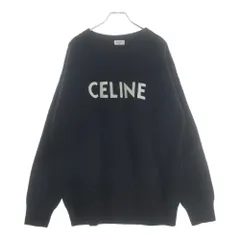 CELINE (セリーヌ) 21AW Embroidery Over Size Sweater ロゴエンブロイダリー オーバーサイズニットセーター ブラック 2A19R423P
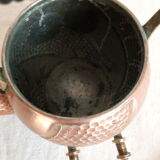 Ancient copper and brass travel teapot 20th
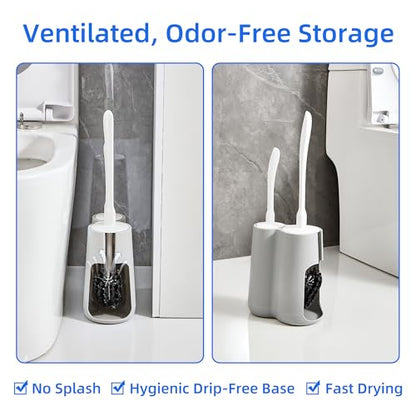 Toilet Brush and Holder Set with Pumice Stone, Toilet Pumice Stone Combo - color: Gray
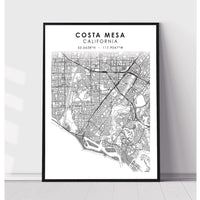 Costa Mesa, California Scandinavian Map Print 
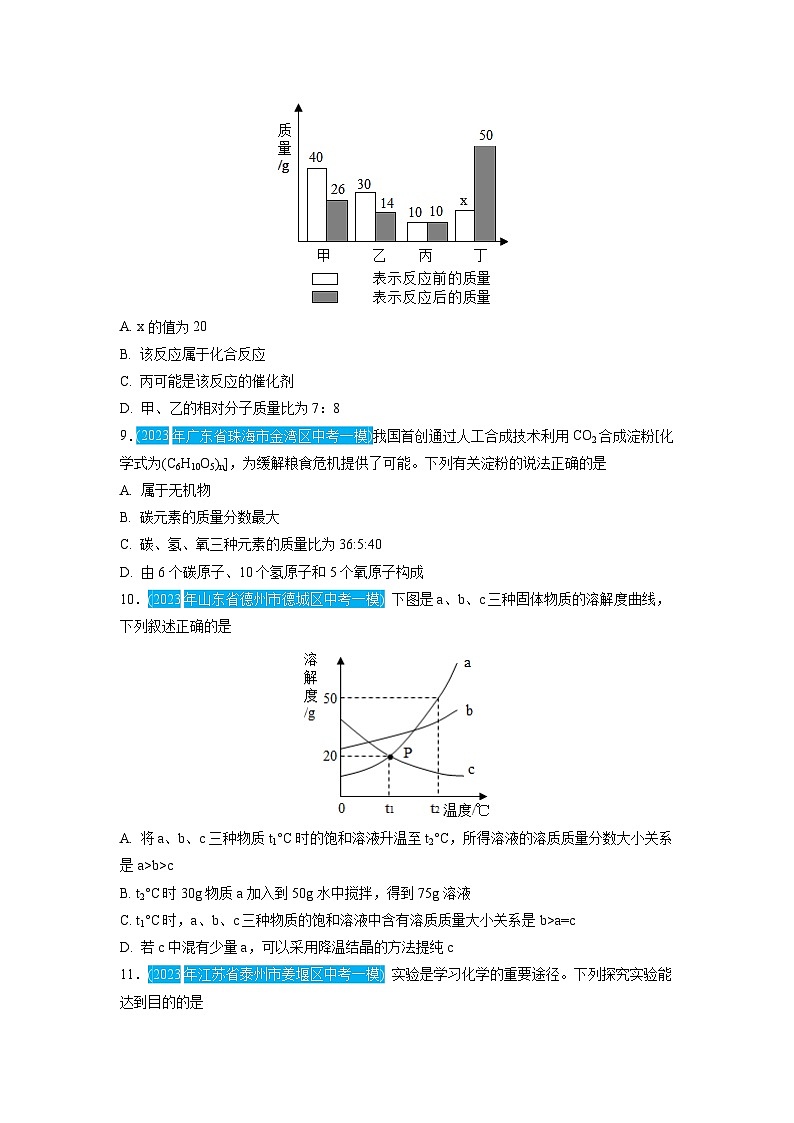 必刷卷03——2023年中考化学考前30天冲刺必刷卷（江苏南京专用）（原卷版）第3页
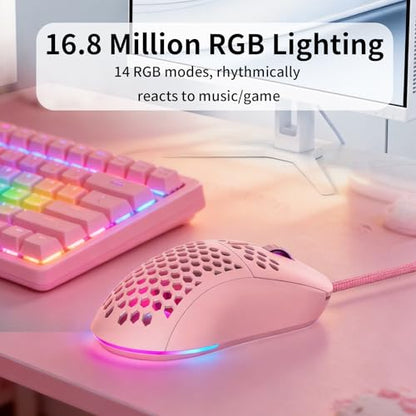 MR.FOX M1 Ultralight Honeycomb Gaming Mouse Wired, 75g Lightweight, 12,800 DPI Optical Sensor, RGB Lighting with Music Sync, 6 Programmable Buttons, Braided Cable, Gaming Mouse for PC/Mac, Pink - color: Pink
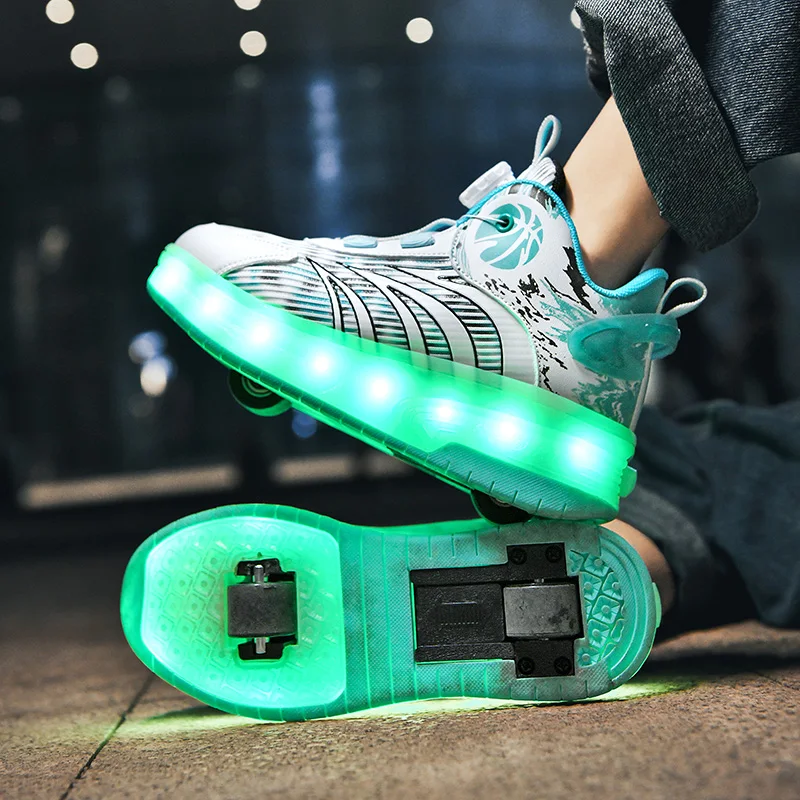 Two Wheels Men's Led Light Roller Skate Shoes for Kids Boys Girls Glowing Sports Luminous Sneakers Skateboard USB Charging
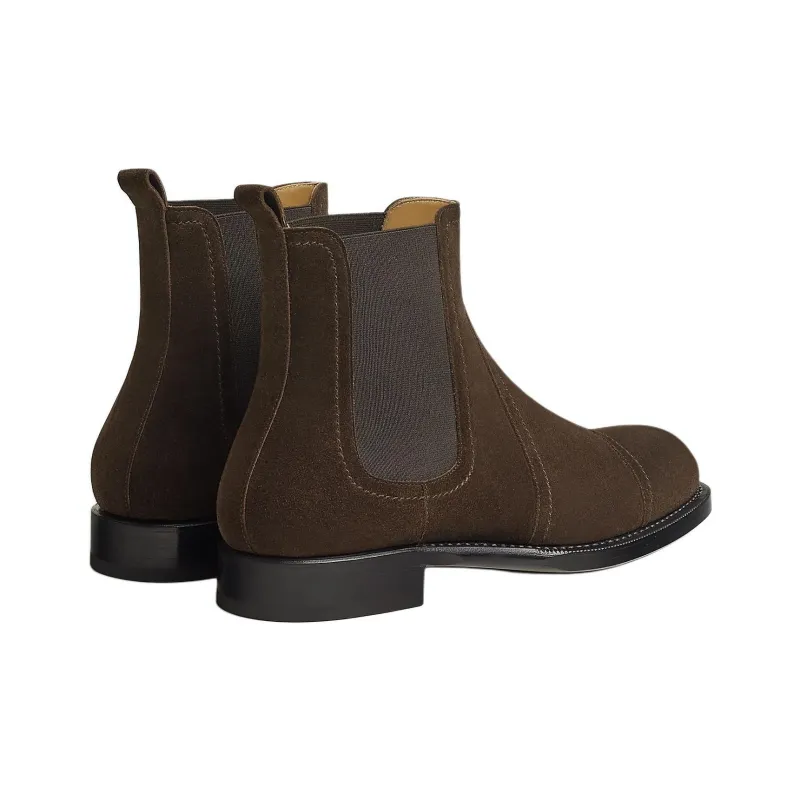 HERMES Jury Short Chelsea Boots Men's Brown-3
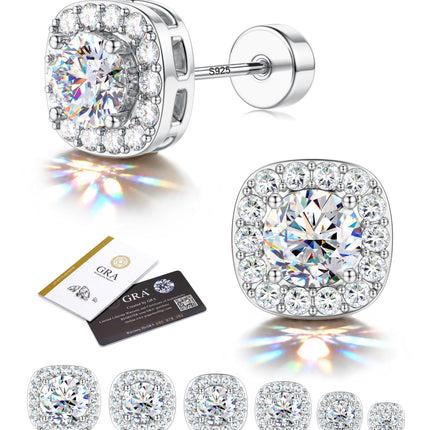 LOLIAS Moissanite Halo Flat Back Earrings for Women Men Hypoallergenic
##########
■ TASK INSTRUCTIONS
Retype the listing above exactly, please. Pictures do not belong in the copy.

■ RESPONSE AREA
 CELINE (セリーヌ) 21AW Embroidery Over Size Sweater ロゴエンブロイダリー オーバーサイズニットセーター ブラック 2A19R423P
 Ancient copper and brass travel teapot 20th
 Toilet Brush and Holder Set with Pumice Stone, Toilet Pumice Stone Combo - color: Gray
 Costa Mesa, California Scandinavian Map Print 
 必刷卷03——2023年中考化学考前30天冲刺必刷卷（江苏南京专用）（原卷版）第3页
 MR.FOX M1 Ultralight Honeycomb Gaming Mouse Wired, 75g Lightweight, 12,800 DPI Optical Sensor, RGB Lighting with Music Sync, 6 Programmable Buttons, Braided Cable, Gaming Mouse for PC/Mac, Pink - color: Pink
 Two Wheels Men's Led Light Roller Skate Shoes for Kids Boys Girls Glowing Sports Luminous Sneakers Skateboard USB Charging
 HERMES Jury Short Chelsea Boots Men's Brown-3
 LOLIAS Moissanite Halo Flat Back Earrings for Women Men Hypoallergenic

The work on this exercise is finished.